Много сидело народа, в том числе и В. В. Соколов, и, как потом выяснилось, А. В. Гулыга, и молодой тогда Давид Джохадзе. Была зима. И ледяной холод в словах Костюченко, который, несмотря на молодость, начал выискивать в статье дух идеализма. Как же, Лосев, значит, все возможно. Но ошибся молодой человек. Времена не те, народ осмелел, и Лосев не даст себя в обиду. Помню, как встал Алексей Федорович во весь свой могучий рост и как стукнет палкой об пол. И начал крушить Костюченко так, что пух и перья летели, да еще подкрепляет свои слова ленинскими цитатами – никуда не денешься. Ленин сказал – баста. Лосев на предмет споров и обвинений всегда имел в запасе такие высказывания классиков, которые даже не все знали, и применял их к месту. В борьбе с критиками этот метод здорово помогал, боялись противоречить.
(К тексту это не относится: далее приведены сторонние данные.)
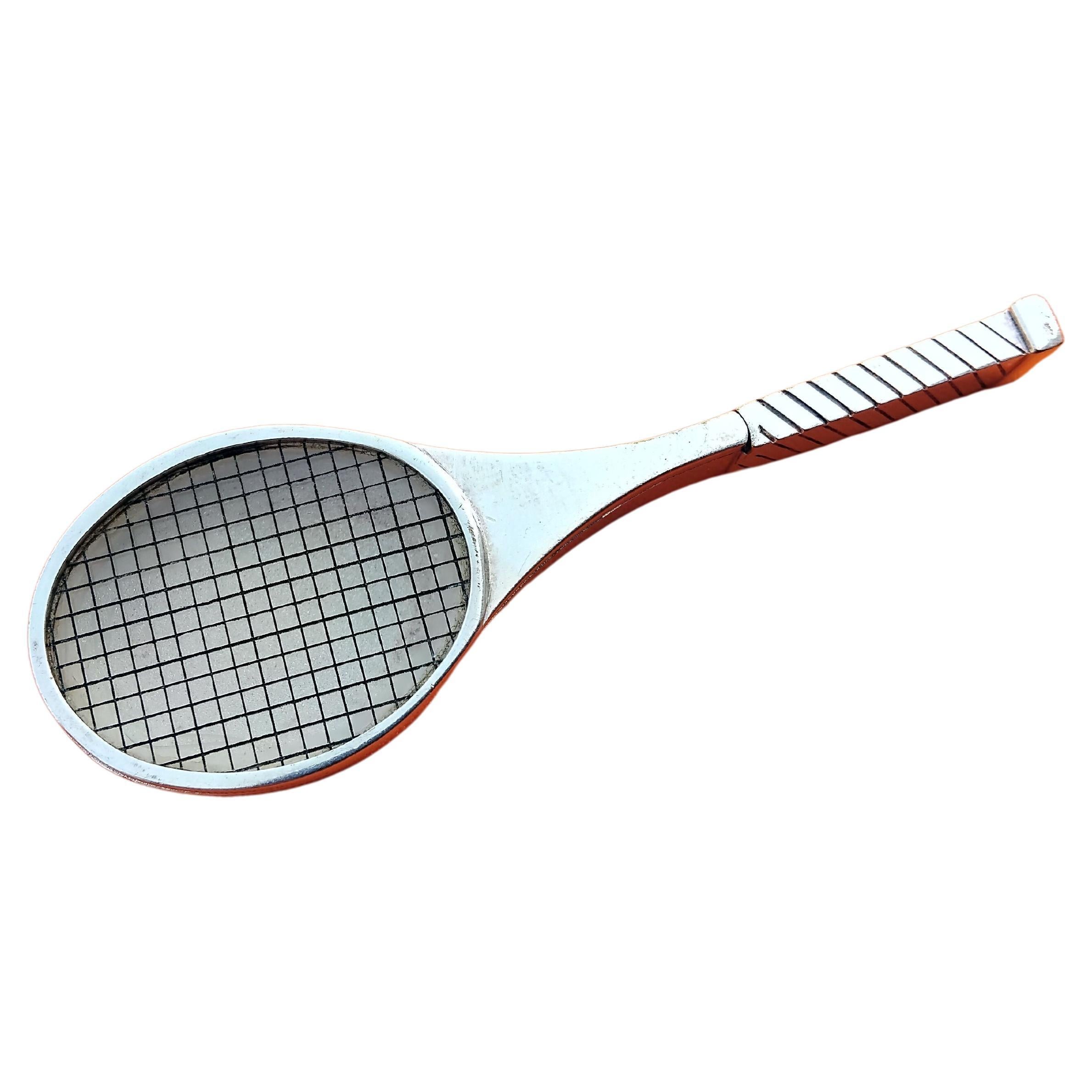 Hermès d'exception  Boîte à pilules en forme de raquette de tennis Rare en vente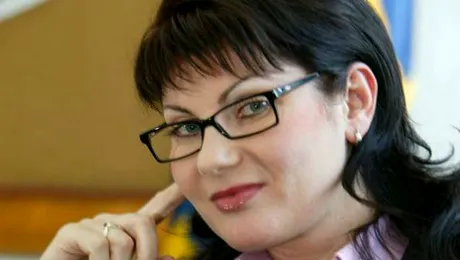 Câţi bani a câştigat Mioara Mantale cât a fost consul general la Strasbourg!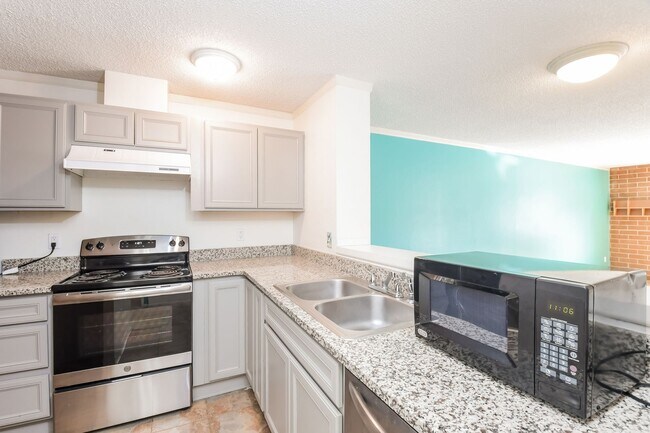 Charming 1-Bedroom Condo in Plaza de Monac... - Charming 1-Bedroom Condo in Plaza de Monac... Unit S109
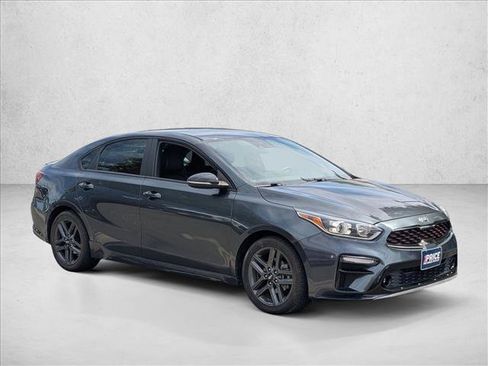Used 2020 Kia Forte GT-Line FWD image 3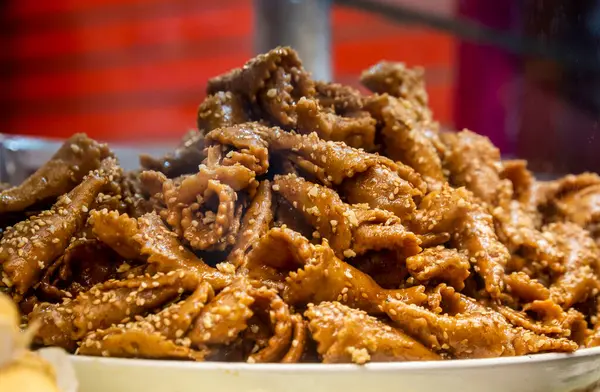 Marakeş 'teki popüler hamur işi Chebakia' ya yakın çekim. 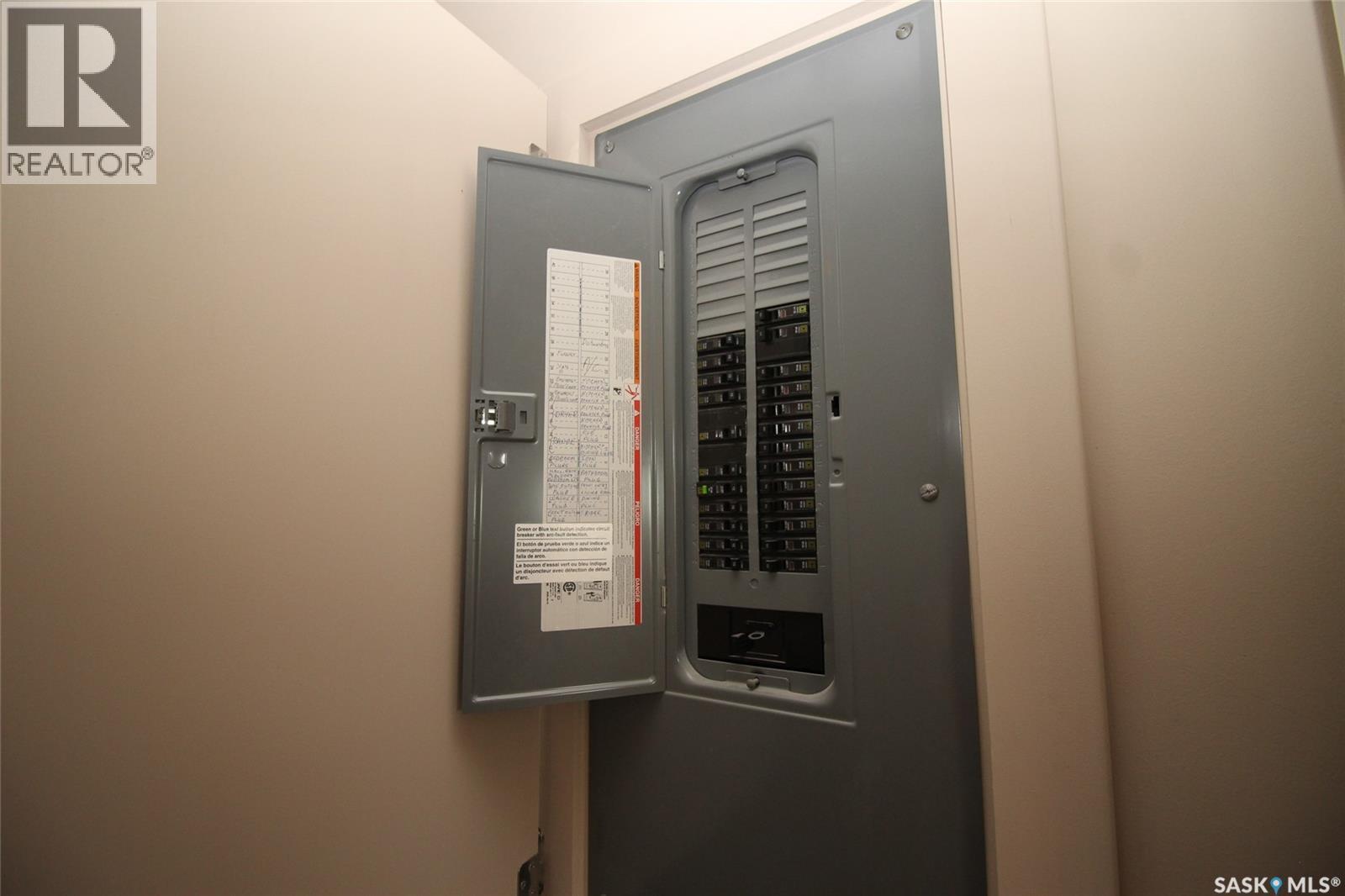 406 Main Street, Climax, SK - Indoor Photo Showing Other Room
И вдруг берет слово А. В. Гулыга, уже тогда в философии авторитетный. Боялись его и за острую мысль, и за острый язык. Спуску прихлебателям не давал, не выносил лжи. Человек высокообразованный, своих философов – немцев, Канта, Гегеля, Шеллинга – знал наизусть. В отличие от других все читал в подлинниках, блестяще знал и говорил по-немецки. Арсений Владимирович, можно сказать, пропел дифирамб статье Лосева, все поставил на свои места, даже привел простой, но удивительный факт, как он дал соседу по квартире, чтобы проверить впечатление читателя, статью Лосева (ее раздавали членам редколлегии серии «Философское наследие») и в какой восторг пришел этот совсем не ученый человек, какие важные достоинства отметил он в статье. А. В. Гулыга поставил точку в прениях. Статью одного идеалиста о другом идеалисте приняли.
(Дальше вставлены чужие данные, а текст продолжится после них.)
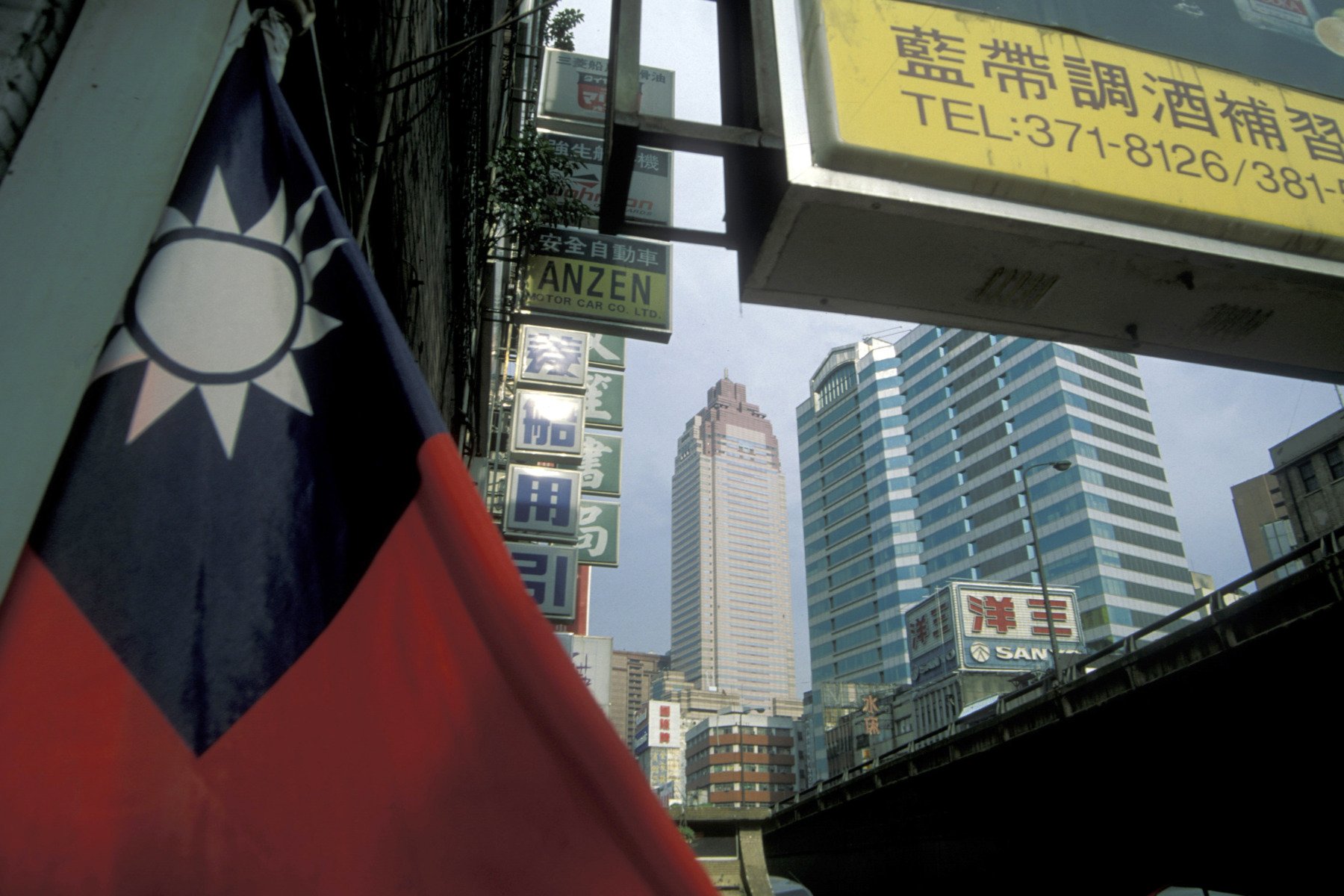 Xi Jinping invită liderul opoziției din Taiwan la Beijing, în contextul tensiunilor regionale Președintele chinez Xi Jinping a adresat o invitație liderului principalului partid de opoziție din Taiwan, Cheng Li-wun, pentru o vizită în China în luna aprilie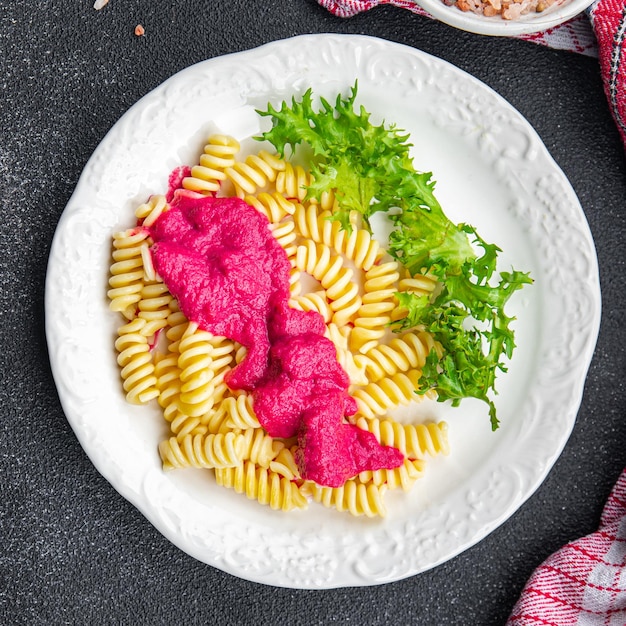 pasta rosa salsa di barbabietole fusilli di verdure beetroo cibo fresco pasto spuntino cibo vegetariano sul tavolo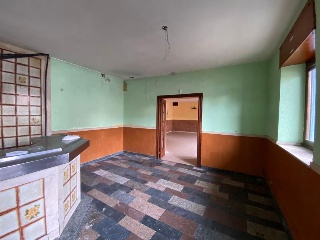 17099-0001 15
Лосев же за последующие годы так приучил советских читателей и издателей к Платону, что Платона стали называть, посмеиваясь, «нашим советским идеалистом» и даже с каким-то оттенком любования. Вот мы-де какие передовые. Даже отпраздновали 22 мая 1973 года в Институте философии АН СССР 2400 лет со дня рождения Платона, «великого древнегреческого философа». Так и сказали. Выступил А. Ф. с докладом «Мировое значение Платона». Были доклады Ф. Кессиди, В. В. Соколова, И. Д. Рожанского, молодого Сергея Аверинцева. За столом президиума сидела я рядом с А. Г. Егоровым, академиком, официальным главой эстетики в пределах АН (когда-то мы учились вместе в Пединституте им. Либкнехта, он – на курс старше и был близок к Б. А. Грифцову) и с нашим другом А. А. Аникстом. Заседание осенял мраморный бюст Платона, добытый с большими трудами. Вот до чего дошли, виданное ли прежде такое событие? Сборник выпустили, правда, в 1979 году, где А. Ф. написал статью «Платоновский объективный идеализм и его трагическая судьба». Меньше чем на трагедию Платон рассчитывать не мог.
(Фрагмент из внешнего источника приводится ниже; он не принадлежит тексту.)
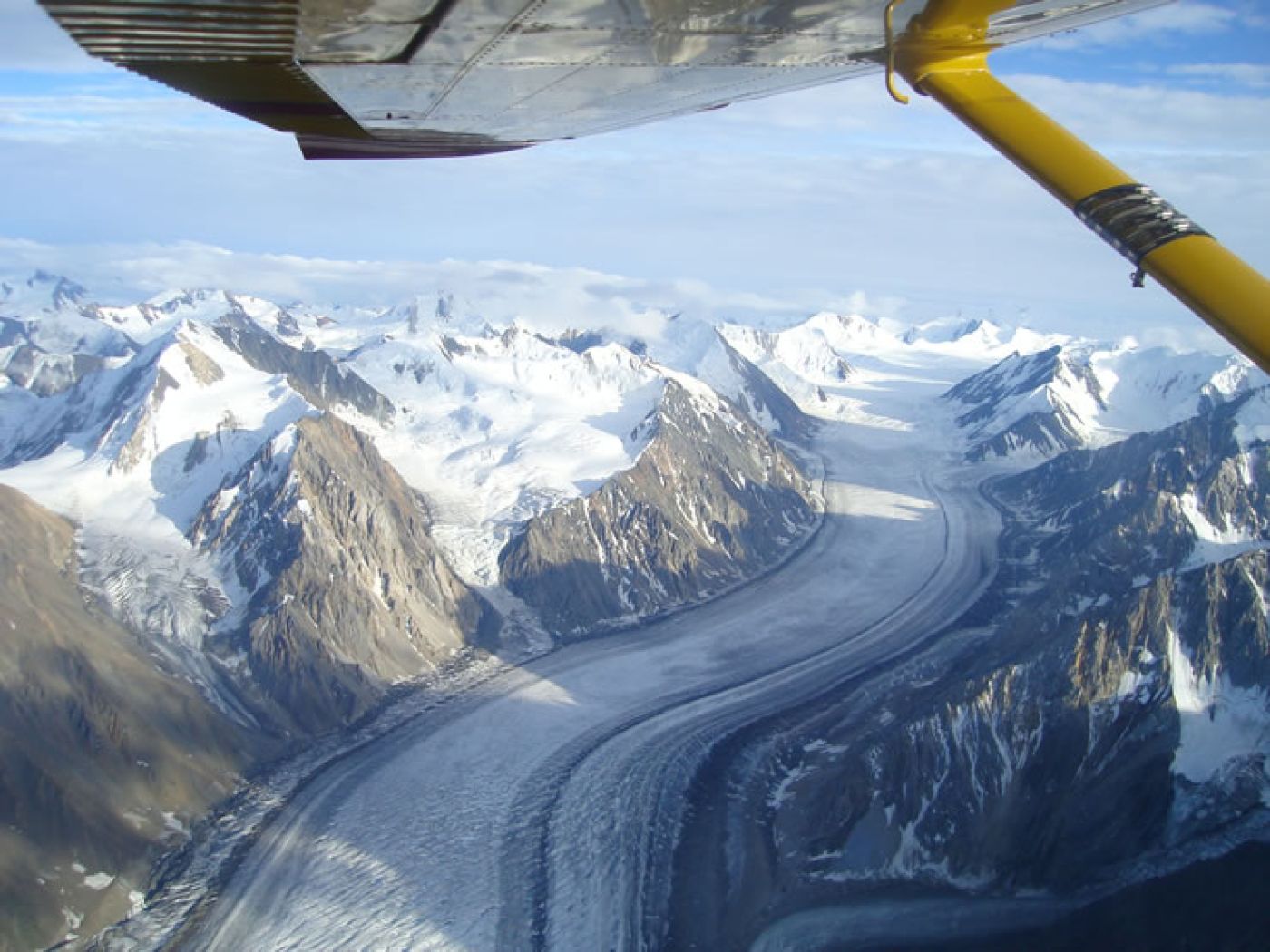 flying over a glacier in kluane park | flug über eine gletscher im kluane park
С обсуждения Платона завязалось наше знакомство с Арсением Владимировичем, большими друзьями стали мы. Не раз в трудных случаях помогал Алексею Федоровичу советом и делом Арсений Владимирович, писал о нем, агитировал в философских и литературных кругах, приобретал новых почитателей Лосева.
Но вот сообщили мне на дачу, что скончался Арсений Владимирович. Позвонила его жена, Искра Степановна, передала о своем горе и просила меня помолиться о покойном. Господи! Опять потеря невыносимая. Череда потерь: Юрий Кашкаров, Г. К. Вагнер, Саша Михайлов и теперь Арсений Владимирович. Куда же все уходят, как оставляют нас? Только и надеешься на их помощь оттуда.
Наконец вышел в издательстве «Искусство» второй том ИАЭ. Все произошло благодаря Александру Ивановичу Воронину (Саше Воронину в обиходе), который стал заведовать редакцией эстетики и взял на работу симпатичных молодых людей – Юрия Даниловича Кашкарова, Сергея Михайловича Александрова, Галину Даниловну Белову, подрабатывал там и Александр Викторович Михайлов, появился чуть позже Владимир Сергеевич Походаев, был одно время Барабанов, но за диссидентство его быстро убрала администрация. Все они для нас, конечно, Юры, Сережи, Гали, Саши, Володи и таковыми остались навсегда. Сам Саша Воронин – вот новый удивительный образец советского чиновника – понимает Лосева, душа добрая, бесхитростная, а глаза синие, о таких только читала и, глядя на него, поняла очарование густой синевы, в которую нельзя не влюбиться.